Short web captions
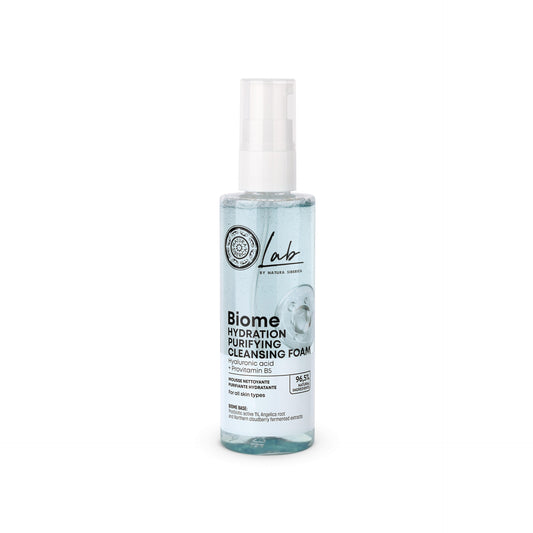 Espuma facial limpiadora e hidratante Natura Siberica  200 ml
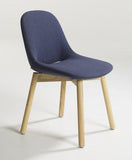 Beso 4 Wood Leg Side Chair by Artifort - Bauhaus 2 Your House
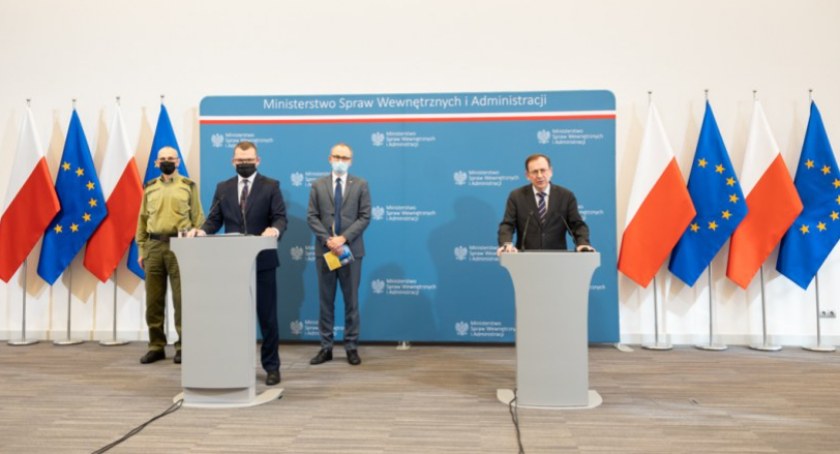 Polska zapewnia, że uciekającym przed wojną zagwarantuje pomoc i ochronę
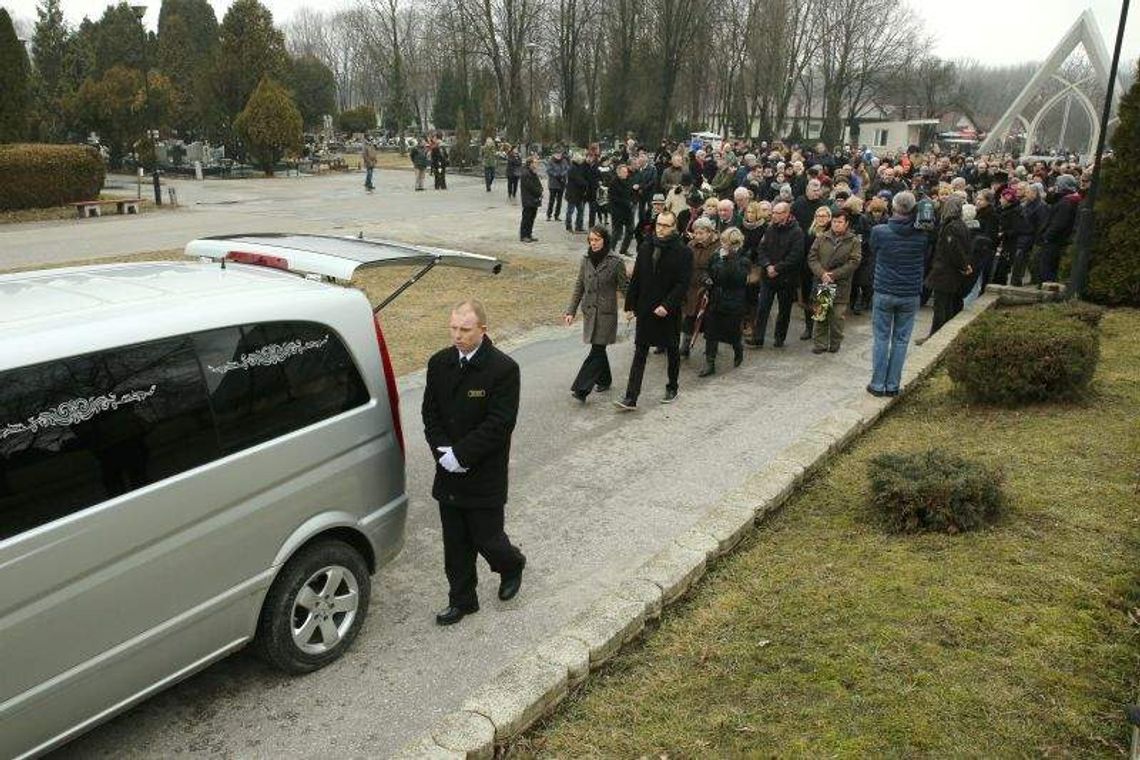 Ostatnie pożegnanie redaktora Andrzeja Molika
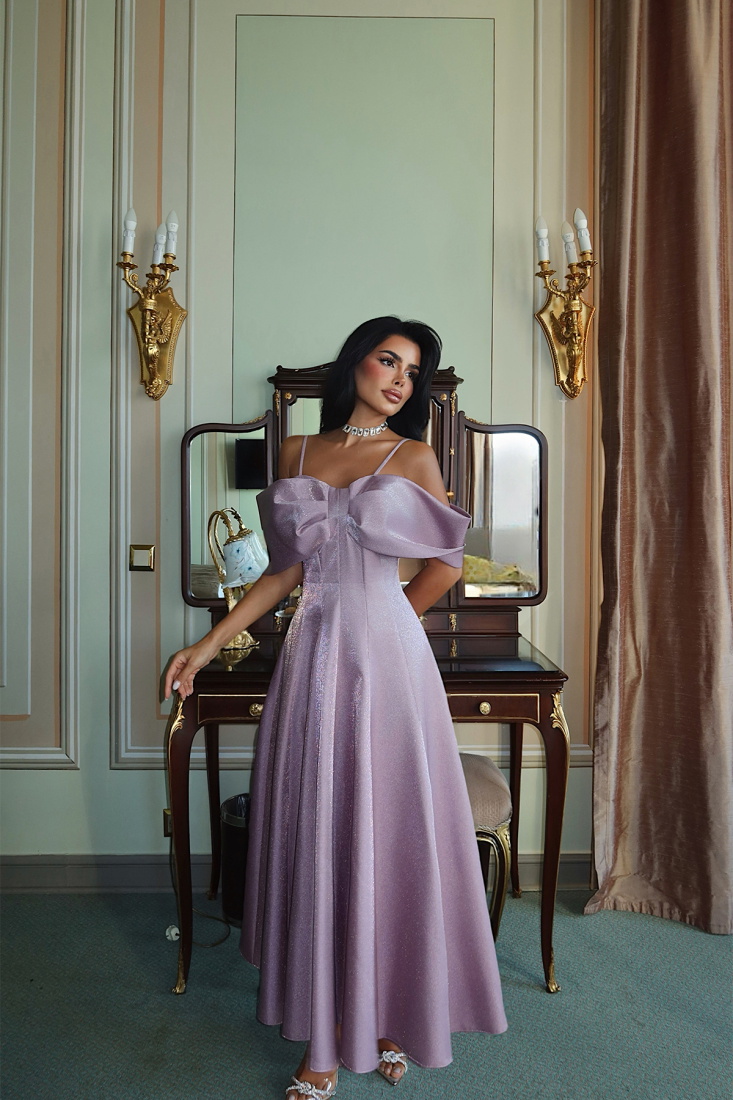 Lila Midias Midi Boy Abiye ATE-3400 - EYYO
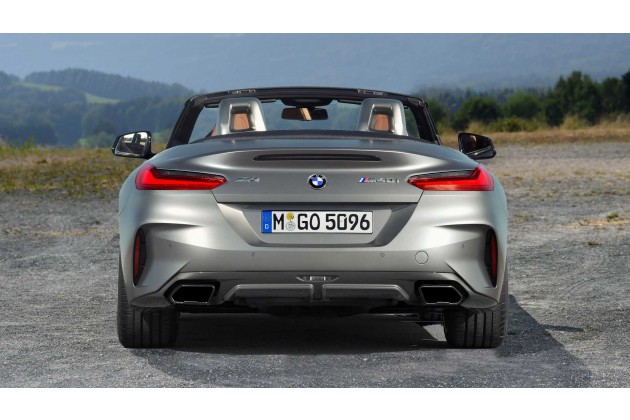BMW Z4 2019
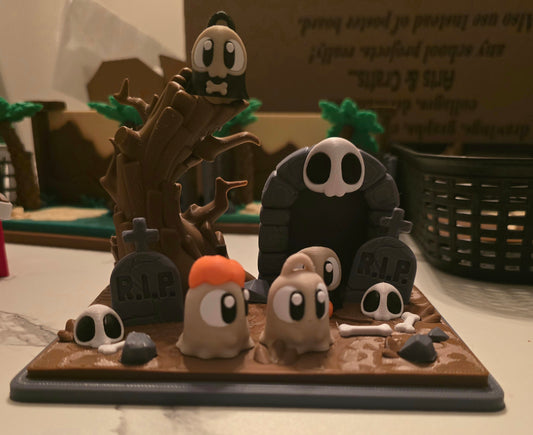 Graveyard set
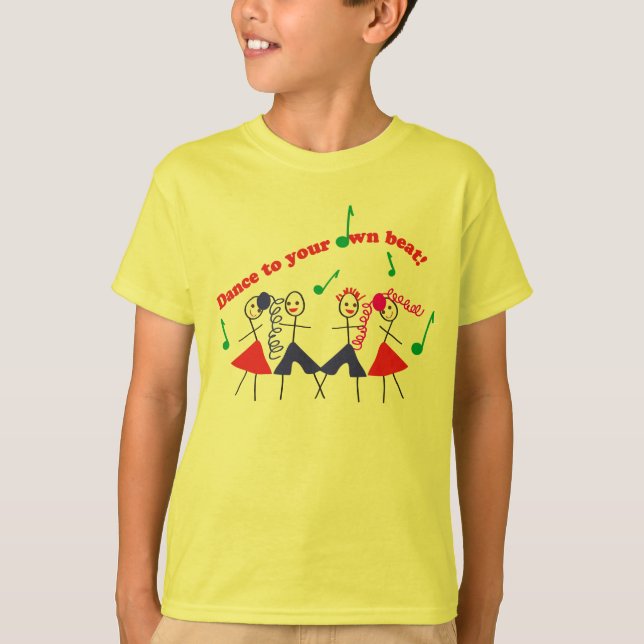 Var dig tee shirt (Framsida)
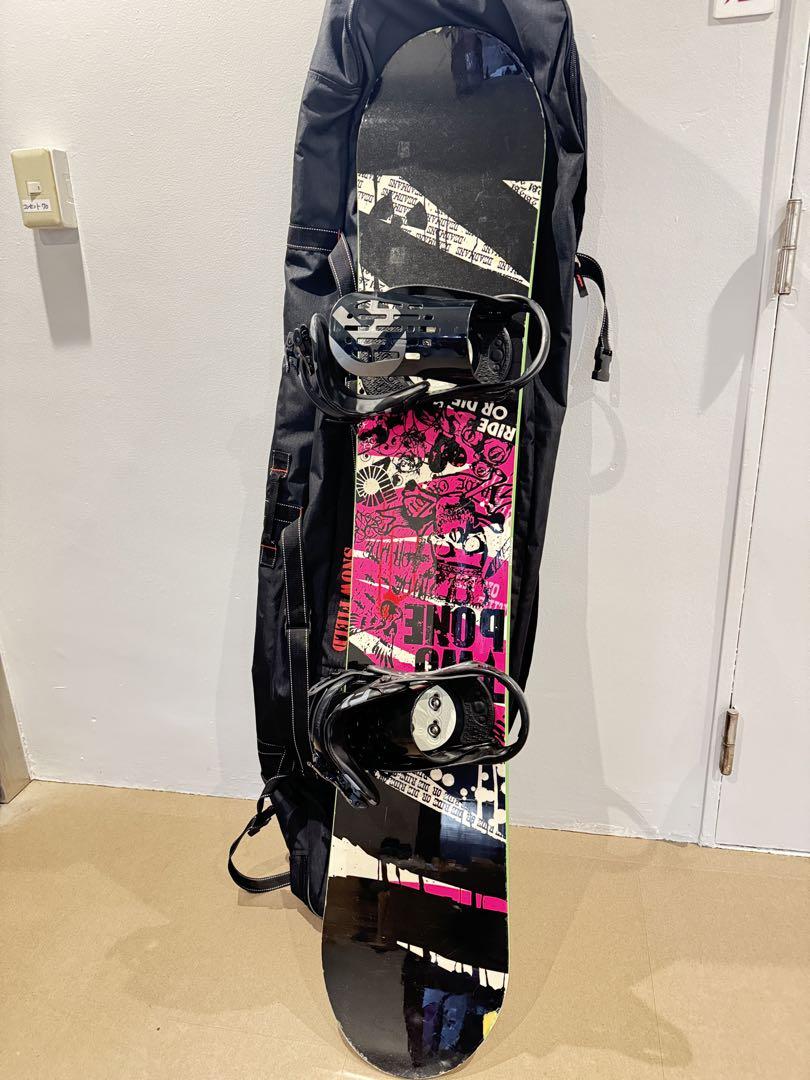 twobone スノーボードビンディングセット くから
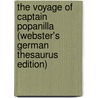 The Voyage Of Captain Popanilla (Webster's German Thesaurus Edition) door Inc. Icon Group International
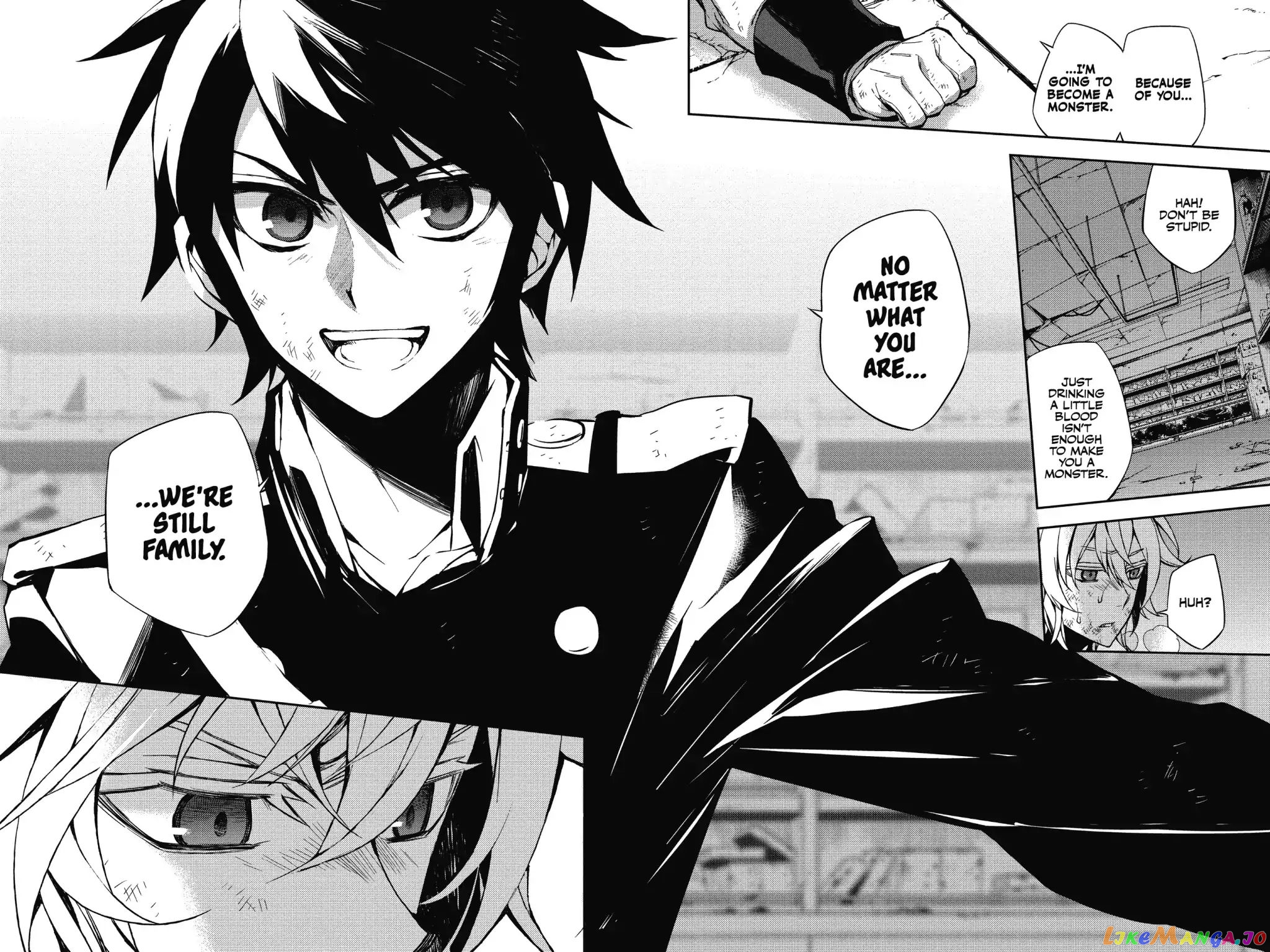 Read Seraph Of The End Manga Online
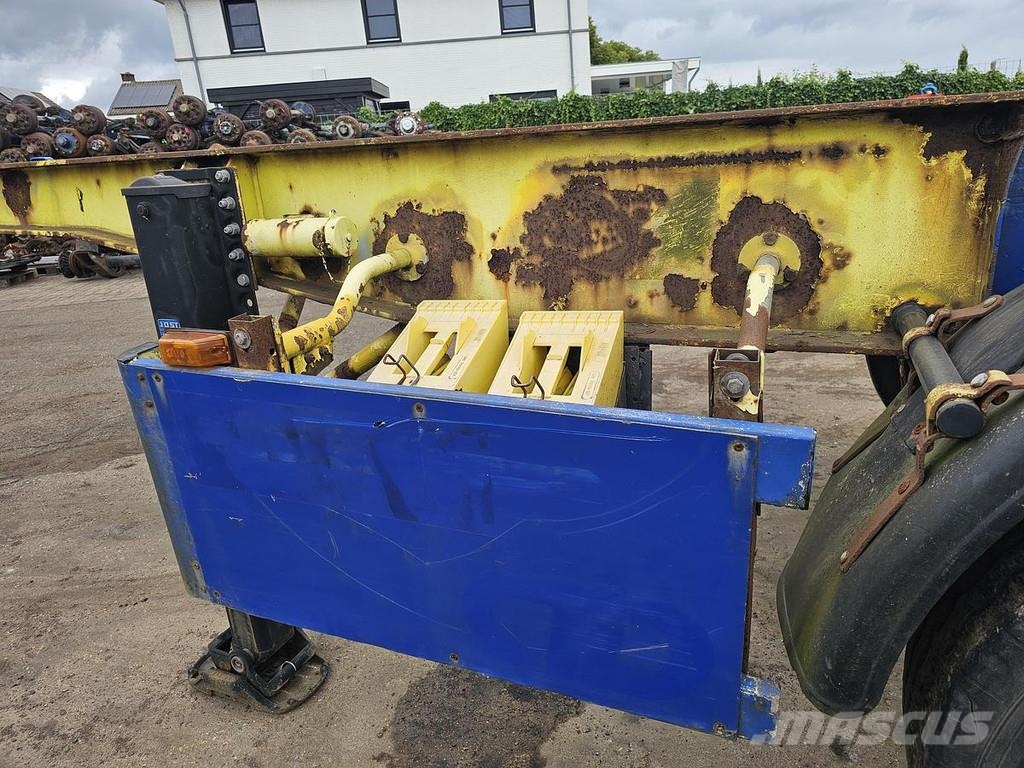 Köhler Elmshorn A.T.E. 20 | STEEL SPRINGS. Semi Reboques Porta Contentores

**TASK DETAILS:** Output each entry verbatim; none of the pictures should be included.

**RESPONSE TO THIS EXERCISE:**
 Espuma facial limpiadora e hidratante Natura Siberica  200 ml
 Beso 4 Wood Leg Side Chair by Artifort - Bauhaus 2 Your House
 Polska zapewnia, że uciekającym przed wojną zagwarantuje pomoc i ochronę
 Ostatnie pożegnanie redaktora Andrzeja Molika
 Lila Midias Midi Boy Abiye ATE-3400 - EYYO
BMW Z4 2019
 Graveyard set
 Var dig tee shirt (Framsida)
 twobone スノーボードビンディングセット くから
 The Voyage Of Captain Popanilla (Webster's German Thesaurus Edition) door Inc. Icon Group International
 Read Seraph Of The End Manga Online
 Köhler Elmshorn A.T.E. 20 | STEEL SPRINGS. Semi Reboques Porta Contentores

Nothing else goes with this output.